La prensa internacional ha descubierto hoy un fenómeno que, en cierto modo, cierra un ciclo: la desaparición física de Nicolás Maduro de las calles de Venezuela no es solo un hecho político, sino un acto de borrado que revela algo más incómodo que la simple caída de un dictador. Es el retrato de una sociedad que necesita olvidar no solo al hombre, sino la complicidad que lo rodeaba.
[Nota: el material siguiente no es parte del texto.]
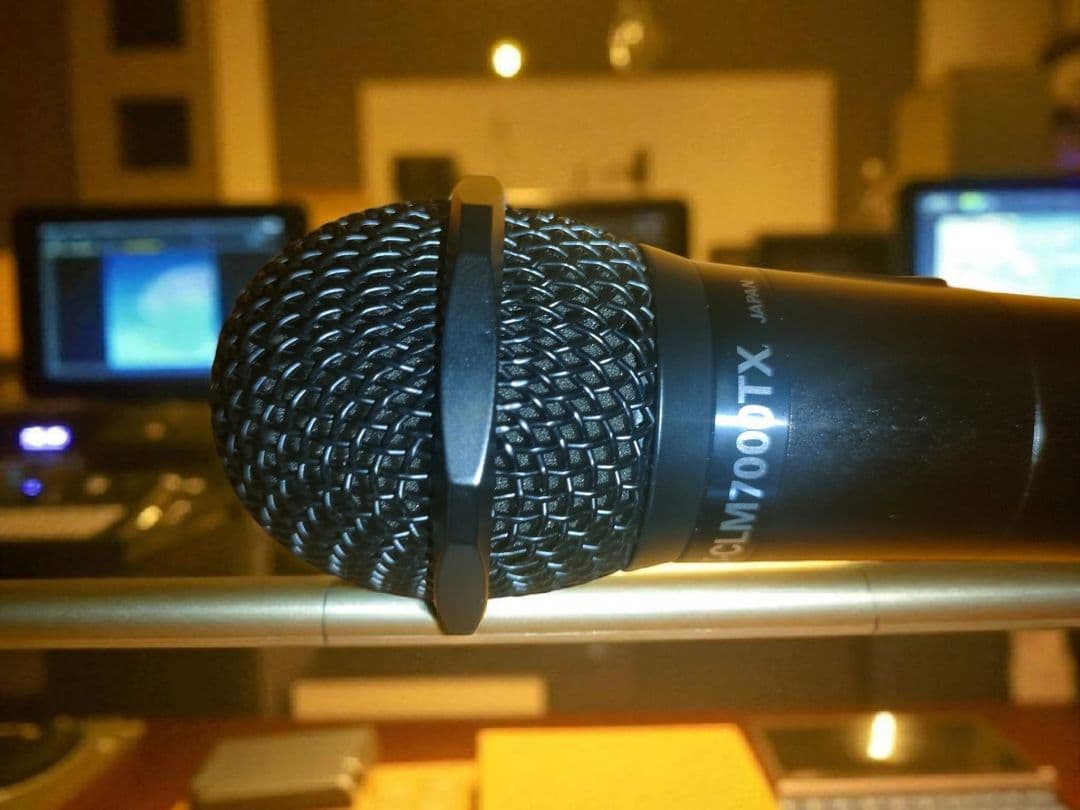 カラオケマイク AT-CLM7000TX ワイヤレスマイク 黒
El relato que emerge de los medios extranjeros, particularmente de este análisis detallado que documenta la pintura sobre murales, el desvanecimiento de vallas publicitarias y la abrupta caída en las menciones públicas del ex presidente, presenta una narrativa de lo que podría llamarse amnesia colectiva administrada. Las imágenes son casi demasiado literales para ser efectivas como símbolo: billboards cubiertos de blanco, el cemento derramado sobre su rostro en un parque, las menciones que cayeron de 86 a 7 mensuales en apenas tres meses. La prensa extranjera ve aquí una catarsis, una sociedad que finalmente se libera de un ícono opresivo.
Pero hay un ángulo que la cobertura apenas toca, quizás porque es incómodo para la narrativa de ruptura que se está construyendo. Esos mismos funcionarios que ahora evitan pronunciar su nombre, esos activistas que pintan sobre sus murales, fueron durante años los arquitectos o al menos los beneficiarios de esa maquinaria de propaganda. El análisis de TalCual que cita el medio extranjero es útil, pero la pregunta verdadera no es cuántas veces se menciona a Maduro ahora, sino cuántas veces se mencionará a quienes lo mantuvieron en el poder mientras la economía se contraía un 70 por ciento.
Lo que la prensa internacional interpreta como purificación podría ser, en realidad, una estrategia de continuidad disfrazada de ruptura. Delcy Rodríguez, quien según el reportaje mencionaba a Maduro 86 veces en enero, ahora lo evita deliberadamente. Eso no significa que haya cambiado de bando; significa que ha aprendido que el nombre de Maduro se ha convertido en un pasivo político. El borrado no es un acto de justicia retrospectiva, sino de gestión de marca.
El comentarista Phil Gunson ofrece una lectura que la prensa extranjera parece aceptar sin demasiada resistencia: que incluso los chavistas querían ver el fin de Maduro, que sus bailes en televisión irritaban a la base, que el régimen mismo estaba cansado de él. Es una interpretación reconfortante porque sugiere que la caída fue inevitable, que la sociedad se autocorrigió. Pero también es peligrosamente simplificadora. Confunde el agotamiento con la disidencia, la fatiga con el cambio de valores.
Lo que falta en este encuadre, y es quizás lo más importante, es una pregunta sobre qué viene después del borrado. Si Maduro desaparece de los muros y de las conversaciones, ¿qué estructura institucional lo reemplaza? ¿Quiénes son los nuevos guardianes del orden? La prensa extranjera documenta el síntoma con precisión casi forense, pero evita el diagnóstico más profundo: que una sociedad que necesita pintar sobre toda evidencia de su pasado reciente tal vez no está lista aún para enfrentarlo.
Hay un detalle que merece atención. Los pocos que aún portan imágenes de Maduro en marchas, como Wendell Gouveia con su camiseta de pop art, son presentados como excepciones curiosas, anécdotas de resistencia residual. Pero su presencia, aunque minoritaria, sugiere que el consenso del olvido no es tan universal como parece. Y la prensa internacional, al tratarlos como folklore, corre el riesgo de perder de vista que el borrado nunca es completo, que siempre quedan grietas por donde se filtra lo que se intentó enterrar.